A typical TBR of course, processes each tile by processing each of the triangles in the tile (not necessarily front to back).

Coverage mask AA derives many of the same benefits as typical TBRs, that is, it substantially reduces external memory bandwidth for a given sample resolution. This is because the processing on the first pass is done at a lower resolution than the sample resolution, and the results are kept in a compressed format for the second pass which processes each tile.

There is one notable difference when it comes to AA though between coverage mask techniques and typical TBRs.
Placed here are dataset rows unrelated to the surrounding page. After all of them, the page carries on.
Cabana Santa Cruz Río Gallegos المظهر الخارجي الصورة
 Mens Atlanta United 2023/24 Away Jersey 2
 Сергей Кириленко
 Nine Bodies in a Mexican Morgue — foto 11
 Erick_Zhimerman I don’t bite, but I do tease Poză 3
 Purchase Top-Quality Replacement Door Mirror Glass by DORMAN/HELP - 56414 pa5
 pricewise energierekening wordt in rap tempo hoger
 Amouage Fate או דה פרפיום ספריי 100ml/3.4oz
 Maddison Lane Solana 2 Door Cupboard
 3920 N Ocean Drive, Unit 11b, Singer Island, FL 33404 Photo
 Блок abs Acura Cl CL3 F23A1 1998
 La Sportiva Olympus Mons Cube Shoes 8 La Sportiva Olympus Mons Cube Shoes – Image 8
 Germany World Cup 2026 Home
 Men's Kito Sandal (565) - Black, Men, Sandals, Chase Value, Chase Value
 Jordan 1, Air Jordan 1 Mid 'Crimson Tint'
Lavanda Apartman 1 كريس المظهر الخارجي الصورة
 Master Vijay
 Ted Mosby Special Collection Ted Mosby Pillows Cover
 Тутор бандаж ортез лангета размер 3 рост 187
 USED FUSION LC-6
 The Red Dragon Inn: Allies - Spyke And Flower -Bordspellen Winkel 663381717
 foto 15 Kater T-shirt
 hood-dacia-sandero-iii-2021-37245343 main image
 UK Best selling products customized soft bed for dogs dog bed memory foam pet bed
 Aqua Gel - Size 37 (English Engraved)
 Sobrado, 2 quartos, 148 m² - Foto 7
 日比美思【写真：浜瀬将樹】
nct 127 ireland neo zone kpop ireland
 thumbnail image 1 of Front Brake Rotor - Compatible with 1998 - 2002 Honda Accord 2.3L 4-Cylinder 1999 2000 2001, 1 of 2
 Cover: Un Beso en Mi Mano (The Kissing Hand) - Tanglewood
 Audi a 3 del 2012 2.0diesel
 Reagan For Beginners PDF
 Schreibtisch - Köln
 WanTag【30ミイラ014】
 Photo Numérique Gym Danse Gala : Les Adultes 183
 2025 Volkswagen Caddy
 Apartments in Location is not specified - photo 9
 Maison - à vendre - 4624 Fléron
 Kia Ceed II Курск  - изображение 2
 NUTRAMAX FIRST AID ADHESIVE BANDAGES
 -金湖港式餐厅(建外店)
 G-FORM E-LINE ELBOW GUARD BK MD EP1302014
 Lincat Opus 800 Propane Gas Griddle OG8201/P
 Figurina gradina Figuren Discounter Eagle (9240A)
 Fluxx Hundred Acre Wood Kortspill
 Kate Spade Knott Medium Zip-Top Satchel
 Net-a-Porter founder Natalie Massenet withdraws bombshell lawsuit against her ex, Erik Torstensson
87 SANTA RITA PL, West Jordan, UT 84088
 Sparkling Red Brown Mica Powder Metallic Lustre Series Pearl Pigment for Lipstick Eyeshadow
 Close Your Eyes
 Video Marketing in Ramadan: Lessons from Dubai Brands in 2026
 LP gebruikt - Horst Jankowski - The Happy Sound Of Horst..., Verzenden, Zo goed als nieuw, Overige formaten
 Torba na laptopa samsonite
Typical TBRs are capable of rendering super-sampled AA at high sample densities (say 16x) while coverage mask techniques must use multi-sampling. This is because TBR's do not render the color on the first pass, but only when the tile is rendered. Since coverage mask AA renders colors on the first pass, it can only afford to render one color per fragment, since rendering a color for each sample would lose most of the benefits.

This may not be much of an advantage in actual practice though, since a TBR would be limited by pixel shader performance, even though it is not restricted by external memory bandwidth. Super-sampling each sample when running a sophisticated pixel shader is simply impractical. The computational resources could be put to much better use and multi-sampled AA is good enough.

http://www.beyond3d.com/forum/viewtopic.php?p=129946&highlight=coverage#129946
 
When doing quad textureing Rampage had (almost) free 4xRGMS. Dual texturing gave it (almost) free 2xRGMS with 4xAF.

Sorry to bring up the "R" word again. :oops:
 
rashly said:
When doing quad textureing Rampage had (almost) free 4xRGMS. Dual texturing gave it (almost) free 2xRGMS with 4xAF.

Sorry to bring up the "R" word again. :oops:
It's "free" in the same way it is "free" on any other multisampling capable chip, only that Rampage had less ROPs per pipe.
 
Xmas said:
rashly said:
When doing quad textureing Rampage had (almost) free 4xRGMS. Dual texturing gave it (almost) free 2xRGMS with 4xAF.

Sorry to bring up the "R" word again. :oops:
It's "free" in the same way it is "free" on any other multisampling capable chip, only that Rampage had less ROPs per pipe.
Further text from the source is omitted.